Die Grünen wollen den Mann, den die USA als Verräter suchen, aus seinem Moskauer Übergangsdomizil unbedingt nach seinem Wissen als ehemaliger Mitarbeiter der Nationalen Sicherheits-Agentur und deren schier unstillbarem Überwachungshunger befragen. Und sie sind fest entschlossen, diesen Wunsch Wirklichkeit werden zu lassen. Mit dem Minderheitenrecht der Opposition ist auch die Handhabe verbunden, bestimmte Zeugen durchzusetzen. Die Bundesregierung sei dem Ausschuss gegenüber zudem zur Amtshilfe verpflichtet, um Snowden zu schützen, erläutert Grünen-Politiker Hans-Christian Ströbele. Falls die Regierung sich weigere, werde man sie auf dem Rechtsweg dazu zwingen, kündigt er an.

Er hat vergangenen Herbst Snowden in Moskau besucht und von ihm die Botschaft mitgebracht, in Deutschland in sicherer Umgebung aussagen zu wollen. Die Bundesregierung reagierte äußerst zurückhaltend. Weil es sich Kanzlerin Angela Merkel mit US-Präsident Barack Obama nicht verscherzen wolle, mutmaßen die Grünen — und streuen den Verdacht, massiver Druck aus dem Kanzleramt könne den plötzlichen Rücktritt Binningers plausibel machen.
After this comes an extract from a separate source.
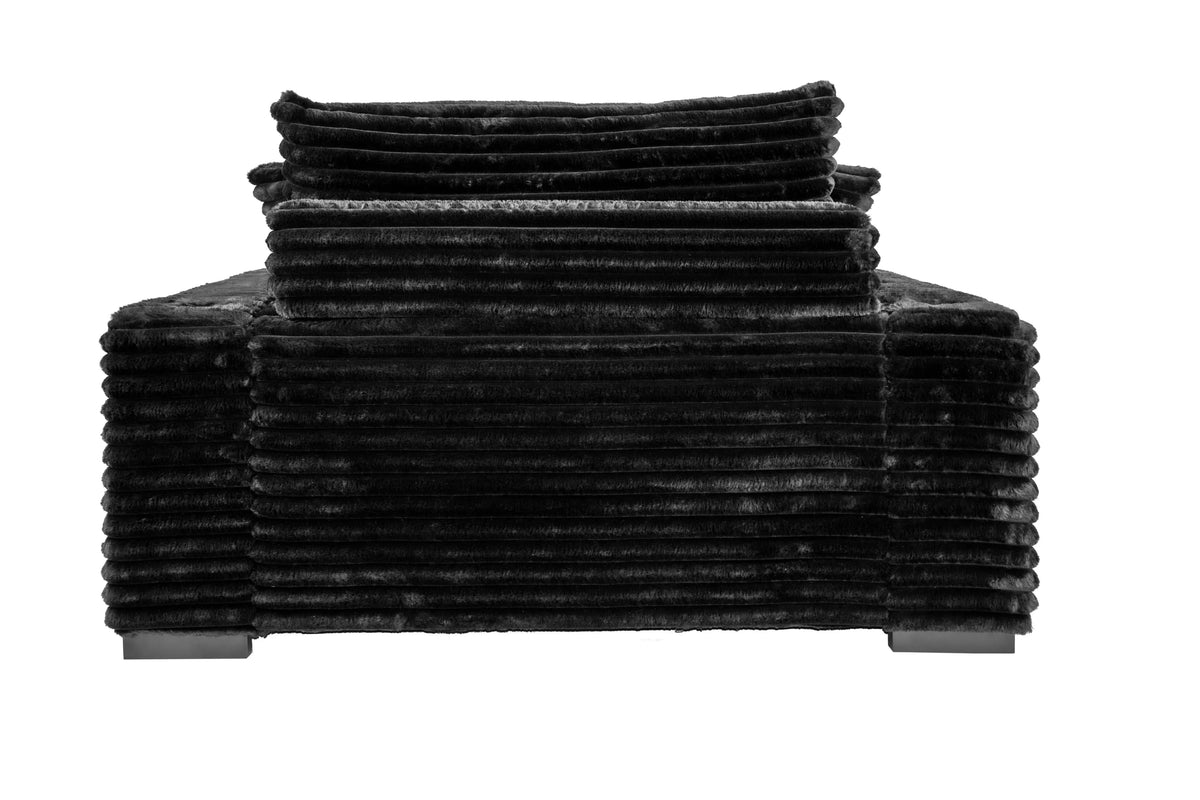 Chaise Lounge – W/2 Cup Holders & USB Ports – Black (F8327)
Die Unionsführung bemüht sich daraufhin um Klarstellung: Es habe keinerlei Versuche der Beeinflussung gegeben. Der Rücktritt Binningers sei einfach "bedauerlich".
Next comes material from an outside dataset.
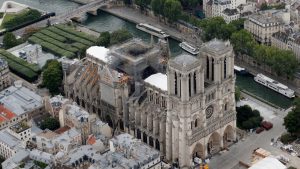 La vague de chaleur en France pourrait effondrer le toit de Notre Dame, craint l'architecte en chef - RT World News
Doch auch Binninger selbst gibt einen Fingerzeig. Weil die Opposition bei der ersten Sitzung klargemacht habe, ausschließlich die Vernehmung Snowdens in den Mittelpunkt stellen zu wollen, sei eine "sachdienliche Zusammenarbeit aller Fraktionen nicht möglich", erklärt Binninger. Hinzu komme, dass diese Fixierung auf Snowden zu Aufgabenkonflikten mit seiner Arbeit als Chef der parlamentarischen Geheimdienstkontrolle führe. Deshalb der vollständige Rückzug aus dem Ausschuss.

Die Unionsführung entschließt sich nach Binningers Schritt, den bisherigen Obmann ihrer Fraktion im Untersuchungsausschuss, Patrick Sensburg, mit dem Vorsitz zu betrauen. "Hartnäckig" will dieser nach eigener Aussage nun an einem Konsens zwischen großer Koalition und Opposition arbeiten. Bei der Gretchenfrage nach dem Snowden-Auftritt bleibt er geschmeidig: Er sei nicht generell dagegen, aber erst müsse man doch klären, welche Fragen es an Snowden gebe und welche Rahmenbedingungen denkbar seien.